Records contained in a dataset:
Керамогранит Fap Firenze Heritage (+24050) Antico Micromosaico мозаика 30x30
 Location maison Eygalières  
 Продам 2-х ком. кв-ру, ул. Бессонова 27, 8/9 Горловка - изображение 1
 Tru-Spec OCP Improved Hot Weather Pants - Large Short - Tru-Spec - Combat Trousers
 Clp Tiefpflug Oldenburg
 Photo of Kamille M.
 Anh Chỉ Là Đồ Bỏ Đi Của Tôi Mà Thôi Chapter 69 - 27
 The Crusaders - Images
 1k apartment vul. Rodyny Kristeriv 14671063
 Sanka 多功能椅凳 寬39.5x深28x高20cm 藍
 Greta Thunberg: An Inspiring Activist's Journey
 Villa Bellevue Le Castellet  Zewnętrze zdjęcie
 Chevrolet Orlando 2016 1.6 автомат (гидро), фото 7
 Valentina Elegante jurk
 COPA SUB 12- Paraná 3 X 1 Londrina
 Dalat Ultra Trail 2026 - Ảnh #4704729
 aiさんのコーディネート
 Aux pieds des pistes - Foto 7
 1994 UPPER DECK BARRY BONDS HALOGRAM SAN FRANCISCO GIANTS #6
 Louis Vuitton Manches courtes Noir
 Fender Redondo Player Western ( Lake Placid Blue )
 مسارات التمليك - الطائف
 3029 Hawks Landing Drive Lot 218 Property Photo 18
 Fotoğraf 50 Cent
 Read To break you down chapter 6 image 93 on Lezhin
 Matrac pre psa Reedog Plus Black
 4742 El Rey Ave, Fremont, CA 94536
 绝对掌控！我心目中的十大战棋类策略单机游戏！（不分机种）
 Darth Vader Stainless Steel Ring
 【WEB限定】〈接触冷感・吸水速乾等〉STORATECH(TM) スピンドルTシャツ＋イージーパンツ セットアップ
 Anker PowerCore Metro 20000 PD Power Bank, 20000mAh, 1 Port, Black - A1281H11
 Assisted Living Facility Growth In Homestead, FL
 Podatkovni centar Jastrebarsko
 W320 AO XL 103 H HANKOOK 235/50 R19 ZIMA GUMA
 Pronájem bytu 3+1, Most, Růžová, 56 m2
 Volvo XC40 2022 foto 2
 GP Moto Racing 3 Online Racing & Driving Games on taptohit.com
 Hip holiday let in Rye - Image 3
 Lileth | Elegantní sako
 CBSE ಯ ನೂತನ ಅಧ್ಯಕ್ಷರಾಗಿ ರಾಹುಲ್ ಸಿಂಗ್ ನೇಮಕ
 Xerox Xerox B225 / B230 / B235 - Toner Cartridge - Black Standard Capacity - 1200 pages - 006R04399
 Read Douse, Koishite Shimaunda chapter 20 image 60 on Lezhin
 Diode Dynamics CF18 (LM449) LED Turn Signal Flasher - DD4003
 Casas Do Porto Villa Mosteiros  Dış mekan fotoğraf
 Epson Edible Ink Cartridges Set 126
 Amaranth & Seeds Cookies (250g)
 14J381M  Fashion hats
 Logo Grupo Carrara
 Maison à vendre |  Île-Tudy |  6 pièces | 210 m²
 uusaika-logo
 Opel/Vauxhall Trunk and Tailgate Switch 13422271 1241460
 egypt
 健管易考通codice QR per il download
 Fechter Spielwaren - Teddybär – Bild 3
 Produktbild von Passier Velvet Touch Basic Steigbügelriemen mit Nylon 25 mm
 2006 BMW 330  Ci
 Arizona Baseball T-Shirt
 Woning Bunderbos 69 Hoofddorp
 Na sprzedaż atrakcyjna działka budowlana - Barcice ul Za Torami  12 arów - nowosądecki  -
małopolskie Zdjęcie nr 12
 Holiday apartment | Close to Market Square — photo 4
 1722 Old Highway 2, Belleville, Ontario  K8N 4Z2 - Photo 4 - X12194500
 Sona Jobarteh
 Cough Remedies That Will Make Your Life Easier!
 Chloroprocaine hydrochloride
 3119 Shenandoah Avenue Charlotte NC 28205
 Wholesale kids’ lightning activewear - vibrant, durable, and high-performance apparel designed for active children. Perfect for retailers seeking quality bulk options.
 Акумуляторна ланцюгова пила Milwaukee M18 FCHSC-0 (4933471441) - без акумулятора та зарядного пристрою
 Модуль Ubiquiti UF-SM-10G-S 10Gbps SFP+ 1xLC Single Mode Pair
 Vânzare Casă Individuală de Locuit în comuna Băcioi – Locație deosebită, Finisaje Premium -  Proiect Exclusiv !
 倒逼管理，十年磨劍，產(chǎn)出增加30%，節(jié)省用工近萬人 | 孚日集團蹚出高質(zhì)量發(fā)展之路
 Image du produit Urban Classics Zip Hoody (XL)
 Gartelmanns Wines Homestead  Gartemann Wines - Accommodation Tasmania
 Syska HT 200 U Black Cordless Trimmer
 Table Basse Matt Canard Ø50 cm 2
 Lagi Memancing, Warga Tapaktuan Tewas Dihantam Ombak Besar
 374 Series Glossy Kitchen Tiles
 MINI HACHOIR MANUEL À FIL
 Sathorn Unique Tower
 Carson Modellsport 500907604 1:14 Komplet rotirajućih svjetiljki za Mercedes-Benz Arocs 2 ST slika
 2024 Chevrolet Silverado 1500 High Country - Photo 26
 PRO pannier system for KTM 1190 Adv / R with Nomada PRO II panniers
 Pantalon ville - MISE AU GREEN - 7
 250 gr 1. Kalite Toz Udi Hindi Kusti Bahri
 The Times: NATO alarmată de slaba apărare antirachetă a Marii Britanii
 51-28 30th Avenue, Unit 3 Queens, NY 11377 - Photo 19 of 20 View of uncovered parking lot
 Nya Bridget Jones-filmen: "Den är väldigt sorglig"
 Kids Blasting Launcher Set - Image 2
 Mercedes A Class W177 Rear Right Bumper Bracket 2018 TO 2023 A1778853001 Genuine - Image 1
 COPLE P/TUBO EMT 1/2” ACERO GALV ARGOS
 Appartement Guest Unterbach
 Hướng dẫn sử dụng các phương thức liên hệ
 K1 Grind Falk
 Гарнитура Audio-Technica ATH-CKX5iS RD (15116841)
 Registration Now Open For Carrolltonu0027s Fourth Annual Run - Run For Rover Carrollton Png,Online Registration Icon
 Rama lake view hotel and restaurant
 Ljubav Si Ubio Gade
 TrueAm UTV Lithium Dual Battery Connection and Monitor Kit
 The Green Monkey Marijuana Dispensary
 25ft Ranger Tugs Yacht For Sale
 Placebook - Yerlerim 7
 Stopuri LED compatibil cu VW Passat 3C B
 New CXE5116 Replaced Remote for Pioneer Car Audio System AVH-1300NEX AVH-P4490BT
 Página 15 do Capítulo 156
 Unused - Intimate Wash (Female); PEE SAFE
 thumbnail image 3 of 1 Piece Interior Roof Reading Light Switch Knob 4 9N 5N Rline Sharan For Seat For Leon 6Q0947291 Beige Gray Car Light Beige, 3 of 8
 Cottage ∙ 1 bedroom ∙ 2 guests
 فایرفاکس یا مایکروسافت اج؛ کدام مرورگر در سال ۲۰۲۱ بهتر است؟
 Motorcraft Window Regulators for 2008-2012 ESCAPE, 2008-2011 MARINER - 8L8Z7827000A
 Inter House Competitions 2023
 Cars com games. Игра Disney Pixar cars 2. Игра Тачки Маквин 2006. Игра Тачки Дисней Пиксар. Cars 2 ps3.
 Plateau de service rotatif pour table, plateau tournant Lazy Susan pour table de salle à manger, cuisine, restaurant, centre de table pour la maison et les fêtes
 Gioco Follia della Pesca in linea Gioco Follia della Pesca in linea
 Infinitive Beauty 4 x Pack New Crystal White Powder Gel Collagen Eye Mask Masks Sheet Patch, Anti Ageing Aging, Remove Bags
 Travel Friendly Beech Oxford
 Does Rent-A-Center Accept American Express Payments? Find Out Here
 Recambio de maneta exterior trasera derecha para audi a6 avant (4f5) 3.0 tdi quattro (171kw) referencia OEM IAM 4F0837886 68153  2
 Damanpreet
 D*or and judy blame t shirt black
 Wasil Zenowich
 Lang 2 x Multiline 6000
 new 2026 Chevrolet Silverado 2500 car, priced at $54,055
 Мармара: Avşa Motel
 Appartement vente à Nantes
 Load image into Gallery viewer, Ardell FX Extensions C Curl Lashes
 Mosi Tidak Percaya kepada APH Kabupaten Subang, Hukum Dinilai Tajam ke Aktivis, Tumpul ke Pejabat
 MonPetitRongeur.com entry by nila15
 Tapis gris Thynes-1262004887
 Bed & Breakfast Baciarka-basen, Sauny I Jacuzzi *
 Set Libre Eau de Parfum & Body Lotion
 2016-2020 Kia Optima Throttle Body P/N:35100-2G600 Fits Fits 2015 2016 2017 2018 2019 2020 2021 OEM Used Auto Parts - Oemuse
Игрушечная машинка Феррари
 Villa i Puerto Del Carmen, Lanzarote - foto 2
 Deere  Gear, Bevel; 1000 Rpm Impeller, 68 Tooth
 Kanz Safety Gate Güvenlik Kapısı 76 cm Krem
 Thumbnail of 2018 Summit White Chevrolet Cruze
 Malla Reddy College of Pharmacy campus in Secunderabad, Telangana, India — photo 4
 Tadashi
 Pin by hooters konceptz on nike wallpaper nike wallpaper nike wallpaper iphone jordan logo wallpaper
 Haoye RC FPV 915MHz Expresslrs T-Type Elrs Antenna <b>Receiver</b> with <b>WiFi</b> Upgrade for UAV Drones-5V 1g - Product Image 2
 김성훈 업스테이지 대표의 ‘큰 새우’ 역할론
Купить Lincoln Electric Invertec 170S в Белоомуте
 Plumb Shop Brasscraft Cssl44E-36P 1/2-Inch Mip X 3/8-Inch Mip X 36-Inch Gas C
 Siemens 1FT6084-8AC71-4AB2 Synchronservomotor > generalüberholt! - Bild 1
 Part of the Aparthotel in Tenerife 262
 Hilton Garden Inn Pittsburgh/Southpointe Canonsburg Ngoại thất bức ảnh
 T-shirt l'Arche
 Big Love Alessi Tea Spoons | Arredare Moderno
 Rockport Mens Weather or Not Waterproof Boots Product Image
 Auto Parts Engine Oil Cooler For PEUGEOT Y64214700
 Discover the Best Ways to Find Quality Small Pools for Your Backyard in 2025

#### EXERCISE DESCRIPTION:
Look through the records for the word "apartment". Every line that has it should be copied.

#### ANSWER TO THE PROBLEM:
 1k apartment vul. Rodyny Kristeriv 14671063
 Holiday apartment | Close to Market Square — photo 4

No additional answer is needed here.